▶ _Required work_
Beginning with the line that contains "古着 used PUMA", print each line to the end of the data exactly. Omit the pictures.

▶ _The data_
BEGIN
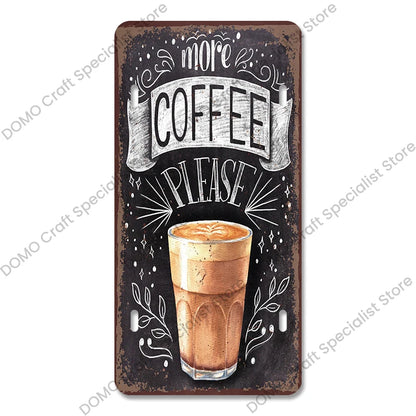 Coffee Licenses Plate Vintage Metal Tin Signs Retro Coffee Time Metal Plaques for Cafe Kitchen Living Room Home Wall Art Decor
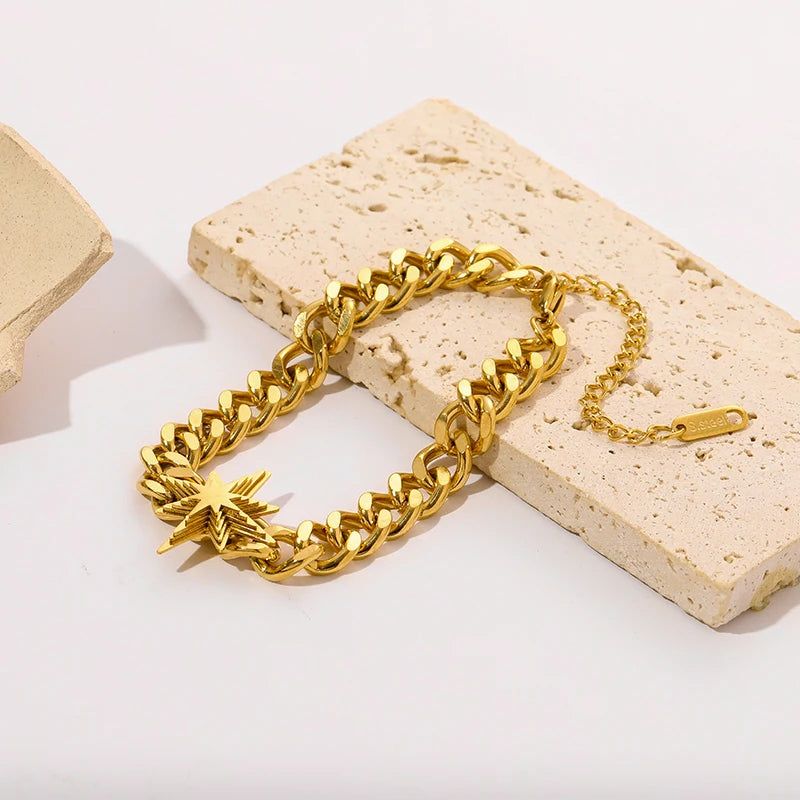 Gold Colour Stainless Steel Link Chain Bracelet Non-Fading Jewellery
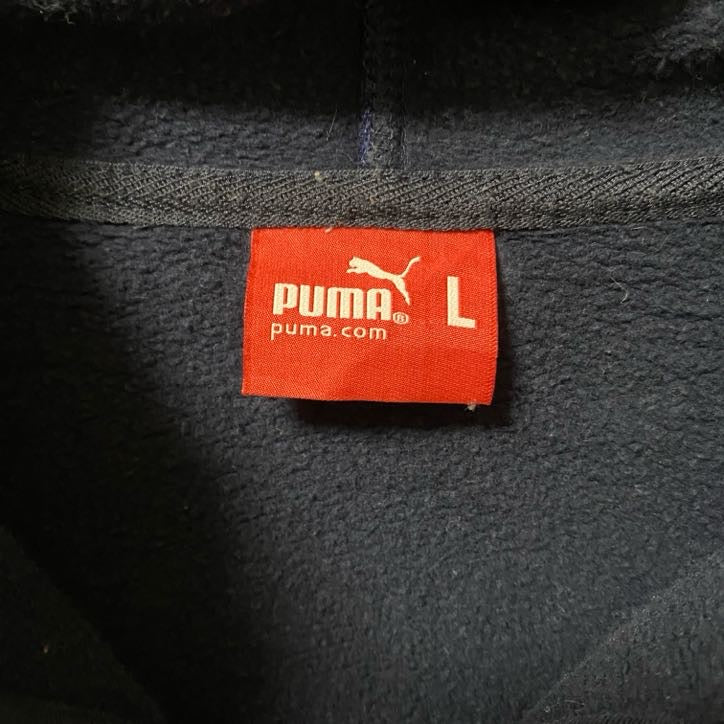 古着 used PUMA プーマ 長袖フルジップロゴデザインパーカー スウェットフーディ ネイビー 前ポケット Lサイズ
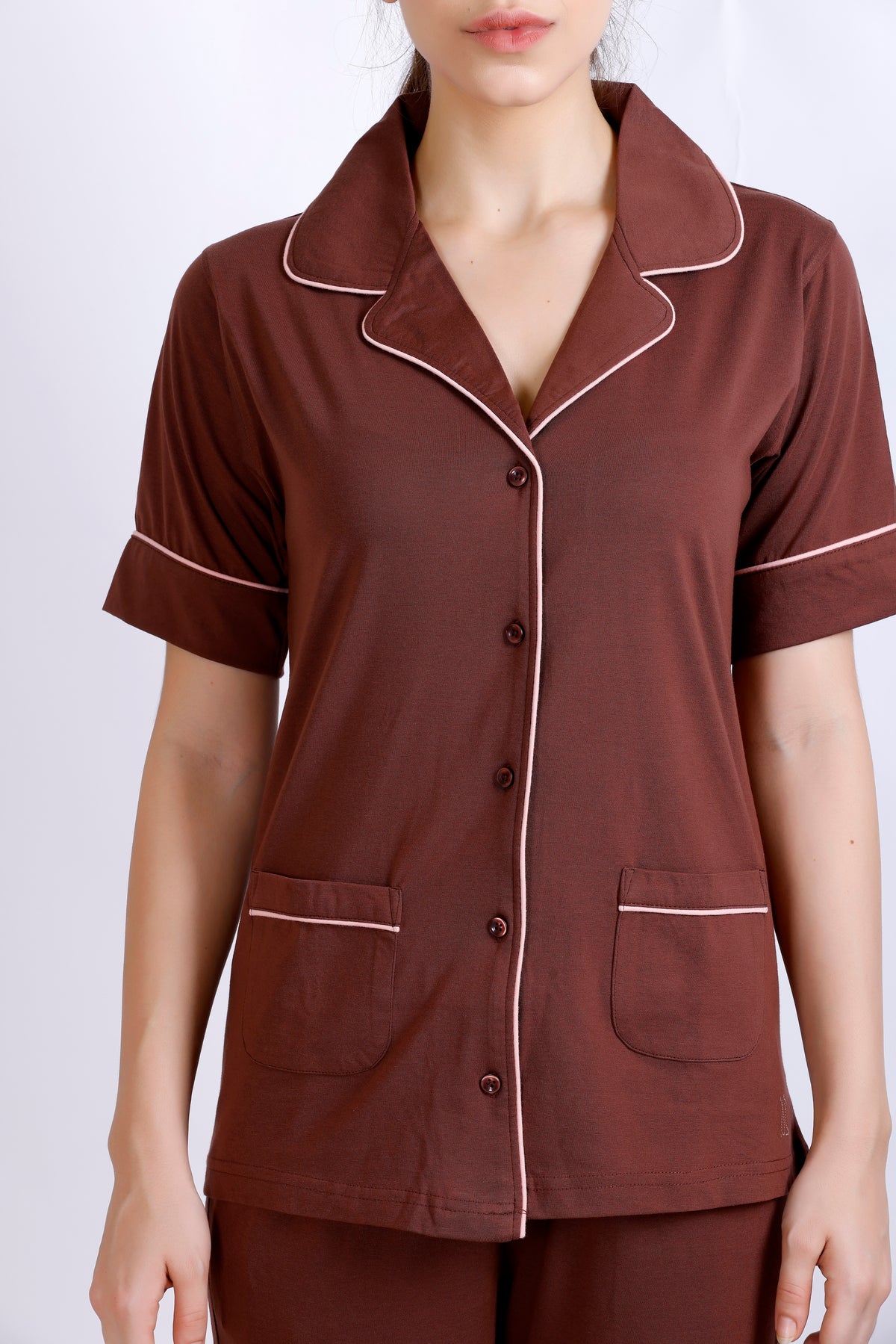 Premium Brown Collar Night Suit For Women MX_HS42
END
▶ _Result for this exercise_
 古着 used PUMA プーマ 長袖フルジップロゴデザインパーカー スウェットフーディ ネイビー 前ポケット Lサイズ
 Premium Brown Collar Night Suit For Women MX_HS42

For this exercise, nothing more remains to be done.